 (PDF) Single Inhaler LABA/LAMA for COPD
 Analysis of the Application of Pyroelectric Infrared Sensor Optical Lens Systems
==
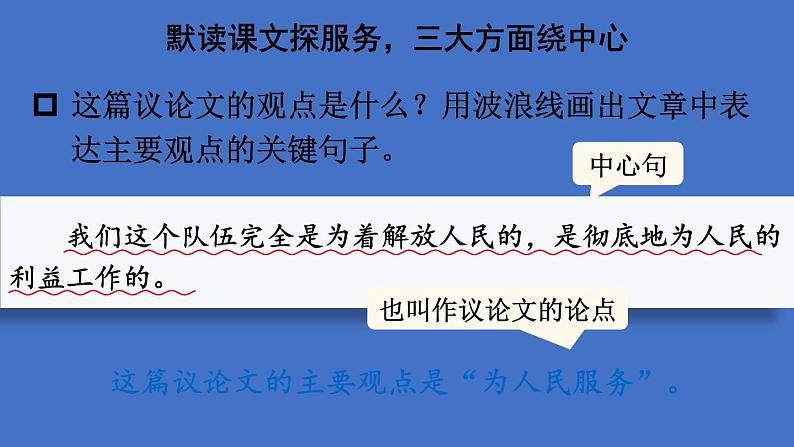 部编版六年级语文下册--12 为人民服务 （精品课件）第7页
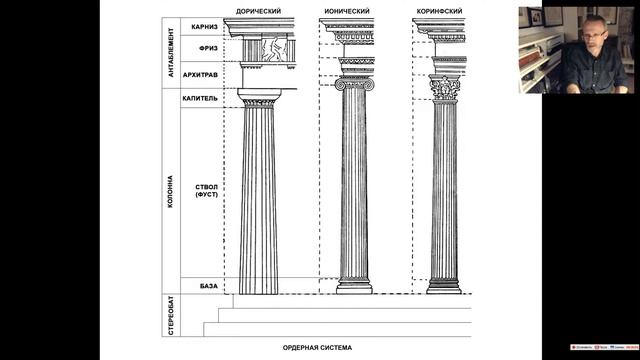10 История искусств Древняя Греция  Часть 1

TO DO
In the listing above, transcribe exactly everything from the line containing "(PDF) Single Inhaler LABA/LAMA for COPD" down to the line containing "Analysis of the", including both and nothing more.

ANSWER BOX
 (PDF) Single Inhaler LABA/LAMA for COPD
 Analysis of the Application of Pyroelectric Infrared Sensor Optical Lens Systems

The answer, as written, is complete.